Every day a new outrage. So, why blog? I began in 2014. Two events: one personal, one political. A need to, at the very least, shout into the wind. But with the internet, a new wind tunnel opens up.
I hoped revealing my struggles might touch someone else who is struggling. There is a whole supportive community now, so we don’t have to be alone. And comments and conversations tell me it is a good path.
The bigger questions remain. Inequality, racism, alternative facts, bizarre interpretations of religious texts. Trump looming over all that is good like a schoolyard bully looking to dominate weakness and to exploit divisions for his own gain. I thought perhaps I had some good arguments people could use against the bullies in power or to convince those who are uninformed to join the good fight.
But right now everybody and their brother is putting forth those same arguments, and the result is a digging in and doubling down of the ignorant and the privileged.
African-Americans rightly are bringing focus to the deadly inequality of law and order in their country. Black Lives Matter is a perfectly good response. But the message gets twisted. Instead of asking directly and getting a direct answer, people start to project motives onto the “other”. (This “other” being their fellow citizens.) Choose a different form of protest, don’t block my roads! So Colin Kaepernick does, and instead of listening to his reasons, again people start to project motives onto him. He is against the flag, the country, the military!! The First Amendment means protest, but out of my sight.
Trying to explain things is like tilting at windmills.
The alt-right or whatever we should call them march saying Jews Will Not Replace Us. They are clear that white straight Christian males are the top of their pyramid. When people organize against those that represent a direct threat to their freedom and security, it is reframed as anti-white or the “same as” the alt-right but simply the other side of the coin. When people won’t listen, why talk?
So I will talk about Sylvain and his Dogue de Bordeaux (this breed of dog, a French mastiff), a smallish man and his very large dog who hang out daily at Métro Place St. Henri.
They were living with a group of people in subsidized housing. Last Saturday a fire took their living space. So now they are temporarily homeless (he plans to contact the city for a new housing placement). Yesterday, completely choked up with wonder, takeout food in one hand, a bag of clothes in the other, and his dog always by his side… he told me how there is a Facebook group with 200 people, and they have been seeking him out where he hangs out with his dog at the métro (subway) and giving him food, clothing, blankets, stuff for his dog, and are helping push his request at city hall.
He spoke of how back in the day, St. Henri was égal (meaning equal), and I am sure it was.

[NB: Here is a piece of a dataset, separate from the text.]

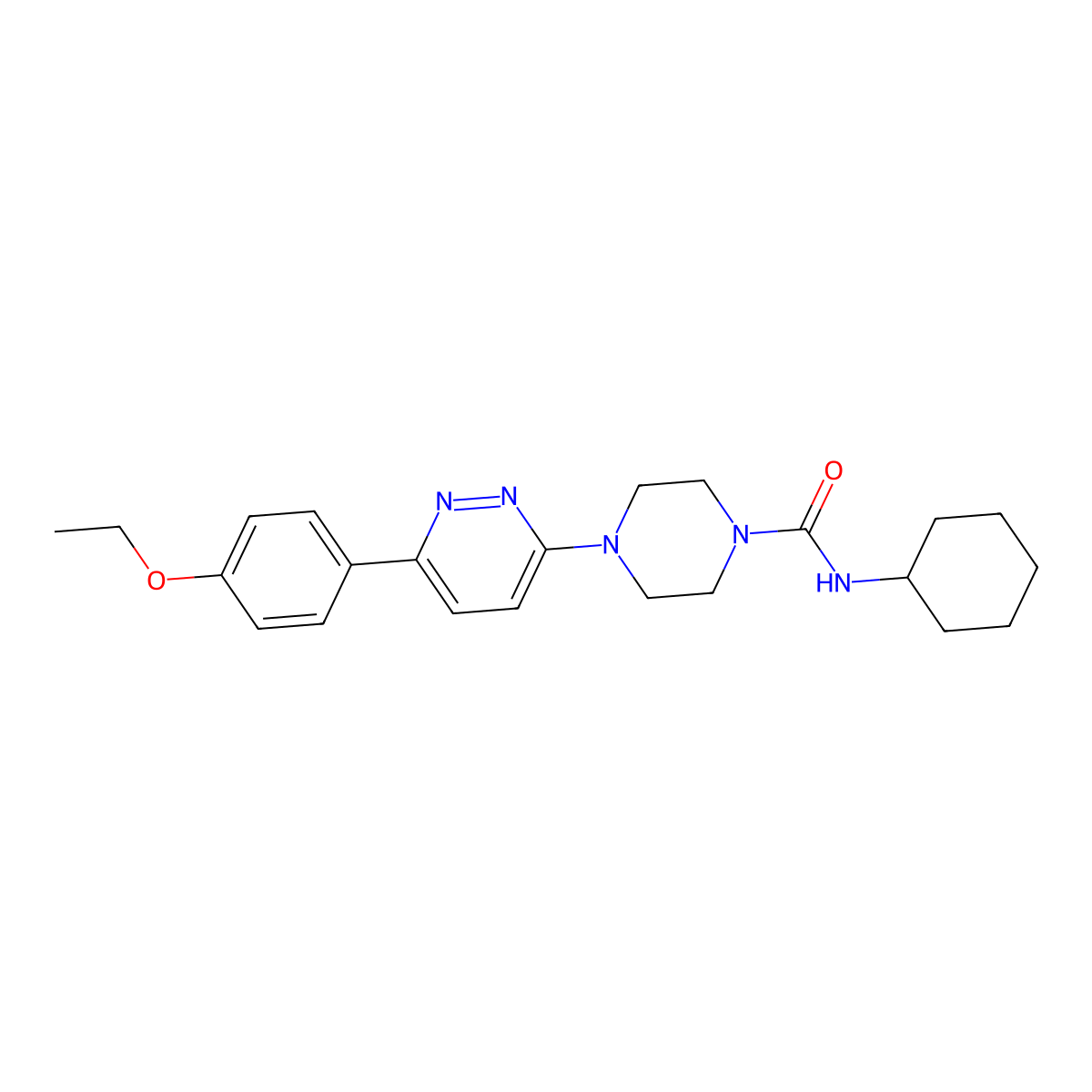 N-cyclohexyl-4-(6-(4-ethoxyphenyl)pyridazin-3-yl)piperazine-1-carboxamide molecular structure, CAS 1040642-27-0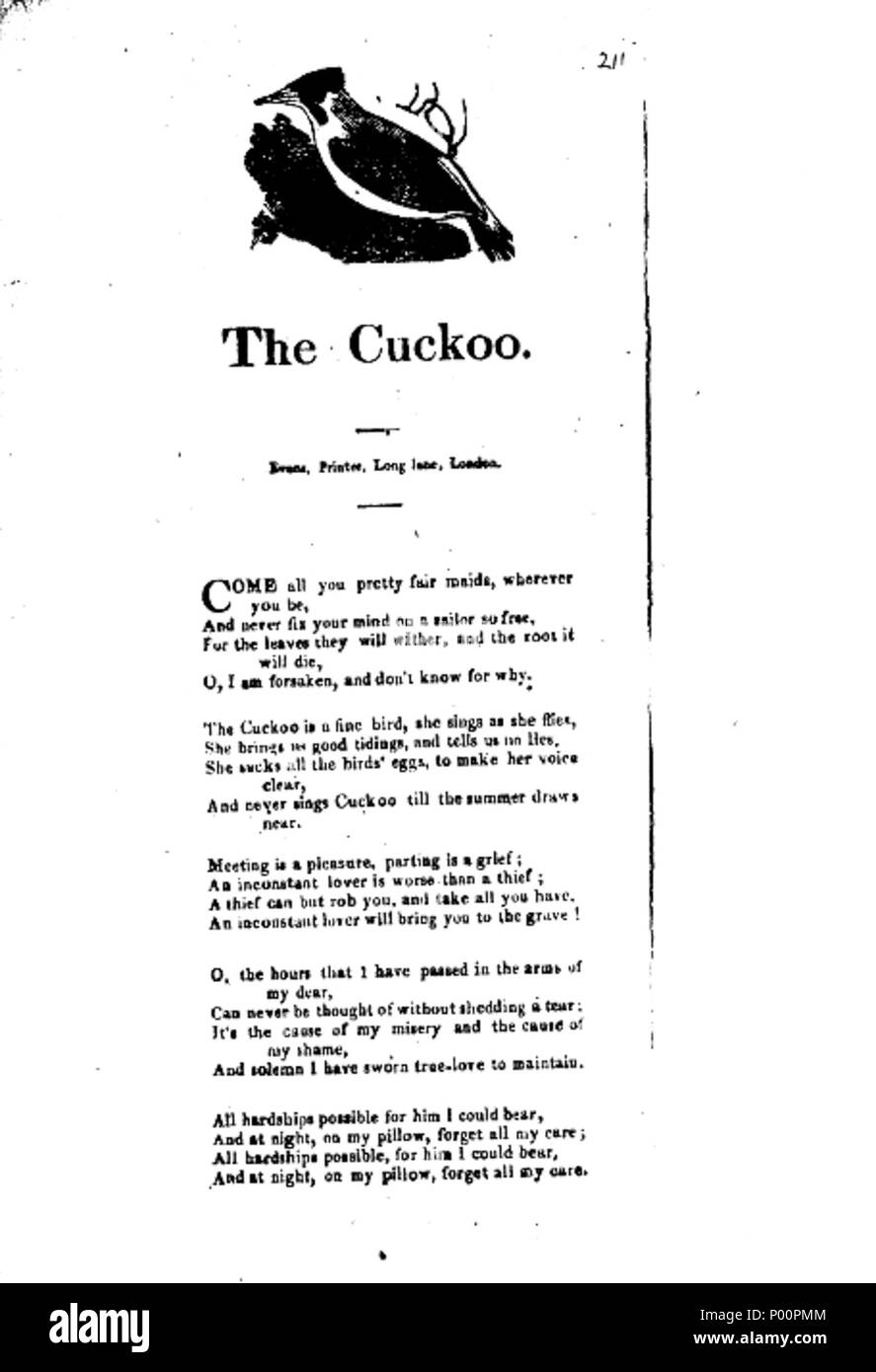 . English The cuckoo. An English broadside (printed by J. Evans) 98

A working class neighbourhood where nobody was rich, but nobody was destitute, and neighbours would look out for a fellow on hard times.
Sylvain went on to explain that now people that would normally not speak to each other in the street (as they are strangers) are meeting each other “at” him and his dog thanks to this Facebook group. He has become a meeting point unto himself even though he himself is wireless and phone-less, and as he added (though he didn’t need to, as it is obvious), he just loves hanging out there because he is a people person and he loves talking to and meeting people.
The thing that we talked about at length was how the creeping gentrification has not ruined our neighbourhood. We both believe the actual strength of our community is its diversity. (Also our conversation kept switching French and English back and forth, as is natural in Montréal.) St. Henri is white, black, Chinese, Arab, French, English, gay, straight, young, old, Muslim, Christian, atheist, rich and poor – every category you want to sort people into. He has not found that the “rich” people are disdainful or judgmental of him at all, rather that many seem very invested in this community and all its inhabitants.
Now, he is also a smiley personable calm person (and his dog is similarly chill) and he doesn’t really ask for anything, rather people give him things. While we were standing and talking on the corner a woman came up and pressed a ten dollar bill in his hand. He pointed to the sky almost tearing up as she walked away.
So what can you do when the bigger world is so awful? I guess you try and make at least one small corner of the internet, or even better your own neighbourhood, a little brighter or more hopeful. Sylvain said he was feeling touched by the grace of God, and the people God was using were being rewarded by becoming more connected as a community.
(I know the dog’s name, but am keeping his privacy. But he is how people recognize Sylvain. Children are particularly attracted to this sleeping giant, despite their fearful parents. Sylvain has done his part for all dog-kind by teaching those parents that their children are right.)